There’s the head of the family – Ramani, secretary of an insurance company, who drives a car, goes to a club after work and expects things to be the way he wants them when he gets home to his family. There’s the dutiful wife – Savitri, who tries to please her husband and keep the household working. And the children – eldest boy Babu and girls Kamala and Sumati, and then there’re some household servants and a cook…
the story begins with the introduction of the family and their way of life and how Savitri would react to her husbands mean or angry moods – she would lie in bed in a dark room.
And then we meet a new addition to Ramani’s workplace – a young woman, who is starting work there. And Ramani goes on to be very “friendly” with his new colleague to the point where he at first just reaches home really late at night to where he only arrives at home in the early morning hours.
Savitri finds out, confronts Ramani and leaves home, only to return a few days later.
I think this is a really interesting story, as there is a certain amount of Jane Eyre like elements in the story.
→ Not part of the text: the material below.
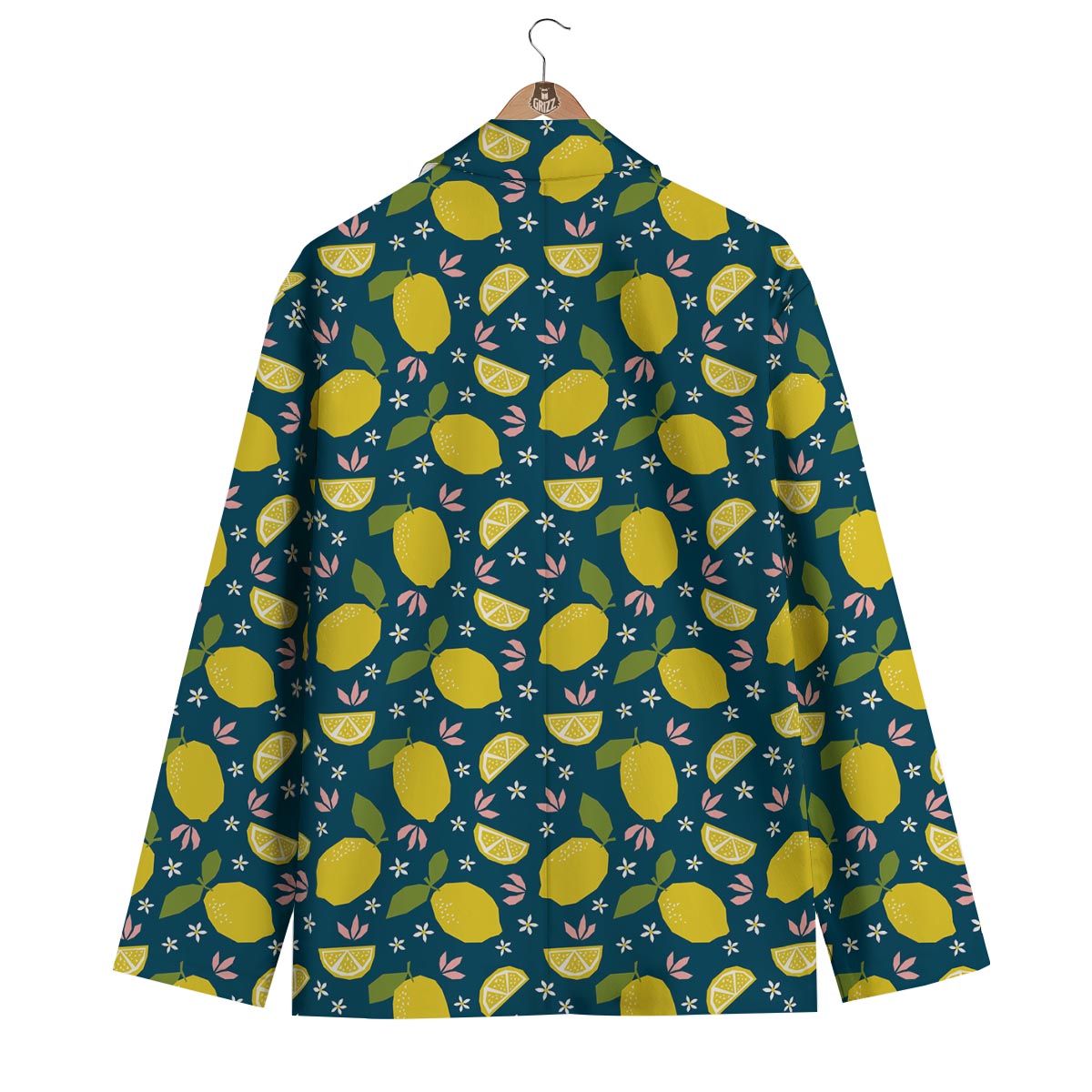 Pattern Print Lemon Men's Blazer-grizzshop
Sure, it lacks a romantic brooding Mr. Rochester, but in a way it’s Jane Eyre transposed to Malgudi as a mother of three children with a husband who has found another younger woman to spend his time with.
There are even whole sentences which have just a little bit missing from being Jane’s “I am no bird” speech when Savitri is looking for justice from her husband.
Ramani doesn’t see it though, and she leaves in the middle of the night, only to go through a similar, but noticeably shorter detour, during which she is saved from drowning by a helpful stranger, who in a way takes her in and helps her find a job, even though it’s for a short while – but it’s the elements of Jane Eyre’s story. The stranger doesn’t turn out to be her relative in any way though…
Savitri, as Jane Eyre, is determined to not accept charity, and to work for her food, as her husband had pointed out and as she herself feels, that she doesn’t own anything, everything has only ever been her father’s, her husband’s or her son’s. And she is happy when she gets to have rice that she has earned with work…
The end of the book is poignant though – Savitri has returned home, her husband has been in a good mood, but Savitri is still gloomy. The stranger who had helped her, goes past her street yelling out his services and she consider’s calling out to him, seeing as he looked hungry. But she doesn’t, as she feels that she doesn’t have anything to offer – everything is still only her husband’s.
It is a really short book, but it’s a powerful story and Narayan has brought out many opposing ideas -we have a family with the man being the dominating one, in Savitri’s and Ramani’s case. And one where the woman dominates in case of the stranger Mari who saves Savitri, and his wife Ponni. There is the idea that married women and prostitutes have a lot in common, with the difference being that married women don’t switch men… and then there’s Savitri’s understanding of how it’s really important that her daughters would get a better education than she did, so that they could earn a living on their own – I think that is the reason why Savitri returns home.